> _About this exercise_:
Nothing should be output except the lines from the top of the material below through the line that contains "Flow explanation", each exactly as written.

> _Study material_:
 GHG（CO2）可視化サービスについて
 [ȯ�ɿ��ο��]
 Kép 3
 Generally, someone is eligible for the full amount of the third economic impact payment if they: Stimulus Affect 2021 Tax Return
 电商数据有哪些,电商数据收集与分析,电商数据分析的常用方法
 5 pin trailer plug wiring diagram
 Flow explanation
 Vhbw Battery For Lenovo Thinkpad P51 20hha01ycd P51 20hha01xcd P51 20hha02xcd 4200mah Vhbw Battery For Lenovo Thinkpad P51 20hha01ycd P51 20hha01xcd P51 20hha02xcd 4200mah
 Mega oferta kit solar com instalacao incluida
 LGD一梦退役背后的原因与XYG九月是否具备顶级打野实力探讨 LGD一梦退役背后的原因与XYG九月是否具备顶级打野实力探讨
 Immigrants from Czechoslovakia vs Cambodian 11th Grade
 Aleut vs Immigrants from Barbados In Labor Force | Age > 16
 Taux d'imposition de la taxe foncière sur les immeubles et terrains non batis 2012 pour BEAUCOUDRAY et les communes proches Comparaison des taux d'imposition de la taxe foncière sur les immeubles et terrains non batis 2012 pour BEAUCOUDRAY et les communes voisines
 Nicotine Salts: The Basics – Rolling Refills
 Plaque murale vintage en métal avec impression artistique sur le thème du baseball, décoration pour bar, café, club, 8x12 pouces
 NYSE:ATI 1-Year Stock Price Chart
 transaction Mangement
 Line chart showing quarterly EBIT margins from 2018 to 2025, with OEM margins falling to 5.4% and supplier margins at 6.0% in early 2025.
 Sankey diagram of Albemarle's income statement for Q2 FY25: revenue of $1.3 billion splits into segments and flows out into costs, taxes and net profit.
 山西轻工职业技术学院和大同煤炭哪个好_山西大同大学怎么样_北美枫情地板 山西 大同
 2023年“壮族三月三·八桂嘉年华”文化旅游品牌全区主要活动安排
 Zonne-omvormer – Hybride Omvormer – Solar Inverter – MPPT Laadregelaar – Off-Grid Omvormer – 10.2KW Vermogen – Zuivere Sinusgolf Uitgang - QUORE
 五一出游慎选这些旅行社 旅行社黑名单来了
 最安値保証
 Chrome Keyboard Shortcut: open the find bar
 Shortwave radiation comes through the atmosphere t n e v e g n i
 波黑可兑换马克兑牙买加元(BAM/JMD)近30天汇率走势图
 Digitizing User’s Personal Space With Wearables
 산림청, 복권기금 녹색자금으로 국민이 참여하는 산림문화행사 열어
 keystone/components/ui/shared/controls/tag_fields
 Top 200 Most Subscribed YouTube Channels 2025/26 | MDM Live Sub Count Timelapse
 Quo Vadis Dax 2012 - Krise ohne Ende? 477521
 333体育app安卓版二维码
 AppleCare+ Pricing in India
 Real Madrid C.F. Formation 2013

> _Answer to this task_:
 GHG（CO2）可視化サービスについて
 [ȯ�ɿ��ο��]
 Kép 3
 Generally, someone is eligible for the full amount of the third economic impact payment if they: Stimulus Affect 2021 Tax Return
 电商数据有哪些,电商数据收集与分析,电商数据分析的常用方法
 5 pin trailer plug wiring diagram
 Flow explanation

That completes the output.